“What we really do commercialize is the technology behind Magi – an open information extraction based on migration learning.”

文 | Huamu Sanchang

Edit | 汝晴

Previously reportedPeak Labs” has recently released the public version of its artificial intelligence system Magi “magi.com“. Through this search engine, the user can input the keyword to obtain the structured knowledge and web search results that Magi learned autonomously from the Internet text. Each structured result will be followed by the source link and its credibility score.

magi.com search example

Magi is a machine learning-based information extraction and retrieval system that does not use semi-structured features such as HTML tags, and handles natural language text directly without the need for preset fields and keywords. It can synthesize public texts on the Internet and private data extraction within the enterprise into structured knowledge, providing users with self-renewing, quantifiable and resolvable, traceable knowledge systems. Moreover, this system has Lifelong machine learning, which can openly acquire and independently learn information on the Internet and continuously enhance its ability to process natural language texts.

The quality of Internet corpus is uneven, and plagiarism, automatic generation, and malicious tampering can cause a lot of factual errors, and may even make the model worse and worse in the process of continuous learning adjustment. Previous procedures involving web corpus processing often used whitelisting mechanisms to circumvent this problem, but the whitelisting mechanism also lost a lot of valuable value while filtering out unreliable sources.Information. Magi introduces statistical signals in traditional search through independent research and development of the entire network search engine to help assess the quality of information.

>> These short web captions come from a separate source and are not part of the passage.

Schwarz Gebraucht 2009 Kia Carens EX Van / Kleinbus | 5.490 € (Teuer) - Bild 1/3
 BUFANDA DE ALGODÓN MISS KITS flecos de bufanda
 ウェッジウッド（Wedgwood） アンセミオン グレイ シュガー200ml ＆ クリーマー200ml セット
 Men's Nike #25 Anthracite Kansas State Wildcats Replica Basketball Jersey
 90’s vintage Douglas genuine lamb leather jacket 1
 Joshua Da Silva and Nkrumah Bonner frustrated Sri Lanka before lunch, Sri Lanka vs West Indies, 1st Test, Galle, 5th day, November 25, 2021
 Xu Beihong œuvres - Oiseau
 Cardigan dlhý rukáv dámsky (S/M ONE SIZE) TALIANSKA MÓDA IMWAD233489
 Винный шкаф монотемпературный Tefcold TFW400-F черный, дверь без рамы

“In the academic world, the more citations are cited, the more influential they are; in web search, the more anti-chains a URL has, the higher the importance of the page. For knowledge, when The facts are expressed in more contexts, which should be more correct and circulated.” Peak Labs founder Ji Yichao told, “Magi gives higher quality to the source and has multiple contexts and expressions. Because the different contexts and expressions indicate that the content has been re-refined or interpreted from multiple angles, and cross-validation of multiple inputs reduces the risk of AI making mistakes.”

On the final results page, magi.com will give a credibility score for each result, then use color to distinguish between credibility, green for higher credibility, and red for lower.

magi.com uses color to distinguish credibility

“In addition, it is important to emphasize that magi.com is the database of our technology’s external presentation and background knowledge. What we really do commercialization is the technology behind Magi – based on natural language understanding (NLU) and migration learning. Open information extraction.” Ji Yichao said.

Ji Yichao told Magi that the services that Magi can provide for corporate customers include:

  1. Structured data and knowledge systems. What Magi is learning is the general background knowledge on the Internet, and these previously existed texts are difficult to use directly by AI. The service is aimed at companies that need structured data, such as various voice assistants and decision engines, which can retrieve information from Magi’s database in DSL or vectorized form to enhance their performance.

  2. Customized natural language understanding solutions and enterpriseassisted RPAs. Peak Labs uses its own pre-training data and the number accumulated by Magi based on migration learning technology.According to to improve the performance of the information extraction service. Customers in vertical industries such as finance, healthcare, and consulting only need to provide a small sample to get a customized natural language understanding program. For example, in the travel industry, Magi can be customized to automatically read user-written travel notes and discover POIs and related attributes.

Magi Customized Service Training Interface

Data as a “fuel” for Al training is a necessary condition for its value. According to IDC statistics, the amount of data produced globally will increase from 16.1ZB in 2016 to 163ZB in 2025, of which 80% to 90% are unstructured data such as text, pictures, audio and video. Non-structuralization cannot be read by the AI, so structured data needs to be processed. This process is part of China’s artificial intelligence basic data services.

Before, iResearch released the “2019 China Artificial Intelligence Basic Data Service Research Report”. In 2018, China’s artificial intelligence basic data service market scale was 2.586 billion yuan, of which data resource customization services accounted for 86.2% of the estimated 2023. The annual market size exceeded 11.3 billion yuan. The compound annual growth rate of the industry is 23.5%. For start-up companies, there are still opportunities for development in this industry.

On the other hand, many sub-vertical vertical industries lack sufficient structured data to train AI models, and how to use small sample data to train AI has become a trend. “We found that the scarcity of structured data greatly limits the application of artificial intelligence in the segmentation industry. Building a customized natural language understanding solution from zero requires professionals and a lot of time cost – just to develop a medical industry artificial intelligence. It is unimaginable for busy doctors to take out a few months for crowdsourcing.” Ji Yichao said.

From a technical point of view, Magi’s migration learning NLU algorithm has the advantage that the AI ​​engine can be applied to the professional vertical field simply by training the AI ​​engine with general data. Magi first uses Internet knowledge and its own data for pre-training, while the professional vertical field task requires only a small amount of manual data annotation to achieve large-scale data training. For the enterprise, this technology is also reduced for customization.The cost of AI.

“We hope that Magi can help companies reduce the cost of AI customization like ImageNet,” said Ji Yichao.